Serge Bouchard, de Chicoutimi, est directeur du laboratoire de recherche, ici dans la vallée. Guy Fortin, aussi de Chicoutimi, est directeur commercial pour toute l'Europe. Je les ai rencontrés hier à La Toussuire où ils étaient invités à la tribune VIP. Eux-mêmes avaient affrété un autobus pour leurs clients de toute l'Europe. L'Alcan, c'est la grosse affaire ici, l'entreprise s'est grandement impliquée dans l'étape du Tour, randonnée cycliste la veille, et même un monument dans la ville...
Et puis, messieurs, on s'ennuie de Saguenay?
S'ils n'avaient pas craint de paraître baveux, ils m'auraient pas répondu une foutue seconde, ils se sont contentés de sourire. Un dépaysement très agréable. Ils trouvent les Français beaucoup plus civils que la réputation qu'on leur fait parfois chez nous.
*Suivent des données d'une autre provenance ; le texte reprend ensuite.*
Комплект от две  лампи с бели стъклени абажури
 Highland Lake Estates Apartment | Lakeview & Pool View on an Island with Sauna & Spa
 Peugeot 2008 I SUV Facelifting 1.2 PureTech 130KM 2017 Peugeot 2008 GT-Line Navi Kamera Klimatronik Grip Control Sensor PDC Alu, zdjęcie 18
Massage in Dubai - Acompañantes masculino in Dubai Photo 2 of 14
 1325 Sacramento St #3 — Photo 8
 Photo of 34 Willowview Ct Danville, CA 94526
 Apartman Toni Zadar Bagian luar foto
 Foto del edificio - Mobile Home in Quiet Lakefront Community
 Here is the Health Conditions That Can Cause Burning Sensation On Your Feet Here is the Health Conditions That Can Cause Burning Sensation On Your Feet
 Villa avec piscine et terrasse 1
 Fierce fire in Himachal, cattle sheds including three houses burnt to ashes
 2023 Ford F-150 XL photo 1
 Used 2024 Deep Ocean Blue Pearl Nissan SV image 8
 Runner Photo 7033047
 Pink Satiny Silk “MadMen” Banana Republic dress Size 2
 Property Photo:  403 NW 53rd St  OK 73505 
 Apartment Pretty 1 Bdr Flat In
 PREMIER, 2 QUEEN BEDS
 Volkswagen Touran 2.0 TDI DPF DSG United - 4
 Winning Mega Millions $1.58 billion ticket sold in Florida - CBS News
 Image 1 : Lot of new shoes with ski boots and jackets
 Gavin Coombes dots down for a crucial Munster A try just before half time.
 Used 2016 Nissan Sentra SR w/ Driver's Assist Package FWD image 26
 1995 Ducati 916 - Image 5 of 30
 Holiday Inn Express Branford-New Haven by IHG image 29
Serge Bouchard a pédalé tous les cols du coin, La Toussuire évidemment, il habite au pied, la Croix-de-Fer, le Glandon, le Mollard, envoye donc.
Alcan a-t-elle des clients dans le vélo?
À Chicoutimi seulement. Les cycles DeVinci, une relation d'amitié plus que d'affaires, on les a aidés à démarrer, on travaille avec eux sur des projets de joints, d'alliages. Hier on a offert à nos clients des vélos DeVinci de Chicoutimi...
Fournissez-vous l'aluminium de certains vélos du Tour?
Pas du tout. Le Tour, c'est tout carbone. Le vélo en alu, aujourd'hui, c'est le vélo de moyenne gamme.
De toute façon, Alcan n'a pas vraiment de temps à perdre avec l'industrie du vélo, elle joue dans d'autres ligues, sauf quand le Tour passe dans sa cour, pour un coup de relation publiques, pour chouchouter ses clients.
Kim-Chi Luu est une autre Québécoise de l'Alcan de St-Jean, ingénieure, chef du service de la fonderie et... aubergiste! Je niaise. Pas aubergiste. Je suis son seul client. Une invitation qui remonte à l'hiver dernier. Kim me lit depuis longtemps. Elle m'a invité: j'habite dans la montée vers La Toussuire. Holà! Impossible de refuser. Un gîte à 15 minutes de la ligne d'arrivée d'une étape de montagne du tour de France! Le genre de luck qui n'arrive qu'une fois dans la vie d'un journaliste du Tour!
Ne dites rien dans le journal, mes enfants qui sont à Montréal vont se moquer de moi, ils me trouvent quétaine de vous avoir invité.
Quétaine? Vous êtes grandiose madame.
Et je ne dirai rien de ses crevettes à la tonkinoise, de ses rouleaux impériaux et de son clafoutis aux cerises.
Responsable de la fonderie, vraiment? Me semble qu'elle triompherait à d'autres fourneaux infiniment moins barbares. Merci, madame. Avant de partir, je me suis permis d'aller recommander au petit bouddha de bronze qui veille sur la photos de vos ancêtres et de vos enfants de prendre grand soin de vous aussi.